Comment résoudre de telles contradictions ? Certainement pas en réutilisant les vieilles méthodes éducatives du passé qui ont été élaborées dans un contexte et pour un objectif totalement dépassés aujourd’hui et qui conduisent à l’aliénation de millions d’enfants. Je m’explique, quand ma génération est allée à l’école on nous a dit, et cela se vérifiait encore alors, qu’en travaillant dur, en se conduisant bien, nous ferions de bonnes études et nous trouverions un travail. Mais nos enfants ne croient plus en cela, comment les en blâmer alors que non seulement les diplômes ne sont plus une garantie pour trouver du travail mais ce que l’on enseigne marginalise grandement ce qui est important à leurs yeux. Il s’agit bien là d’une rupture et nous, enseignants, devons relever nos standards éducatifs. Le problème c’est que notre système éducatif a été conçu dans la culture des Lumières et dans les circonstances économiques de la révolution industrielle.
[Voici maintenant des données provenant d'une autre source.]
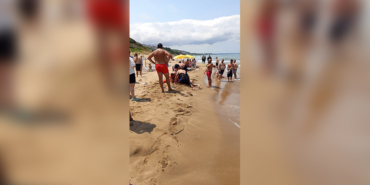 SİNOP'TA BİR KİŞİ BOĞULMA TEHLİKESİ GEÇİRDİ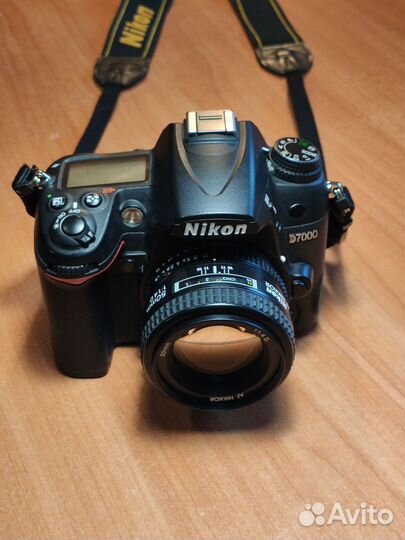 Зеркальный фотоаппарат Nikon D7000+обтективы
Il faut comprendre que l’école publique a été une véritable révolution, au 17ème siècle seuls quelques privilégiés avaient accès au savoir et lorsque la société de l’époque a posé les fondements de l’école publique il y eut beaucoup d’opposition reposant sur l’idée que les couches populaires n’étaient pas capables de tirer un avantage de l’éducation et qu’il ne fallait donc pas perdre de temps et d’argent avec ces « gens là ». A cela s’ajoutait la vision particulière que l’on avait de l’intelligence au siècle des Lumières : un mélange de capacités déductives et de connaissances des « classiques ». C’est ce que l’on a appelé par la suite les capacités académiques et cette conception est toujours dans les gènes de notre système éducatif. Cela conduit à séparer la population en deux catégories de personnes, les académiques et les non académiques, les premiers étant intelligents, les autres non. Une des conséquences de ce système est que beaucoup de gens brillants croient qu’ils ne le sont pas. Mon point de vue est que ce système éducatif reposant sur deux piliers, économique et intellectuel, est responsable du chaos dans la vie d’une grande quantité de personnes. Certains s’en sortent merveilleusement bien dans un tel système mais la plupart en souffrent.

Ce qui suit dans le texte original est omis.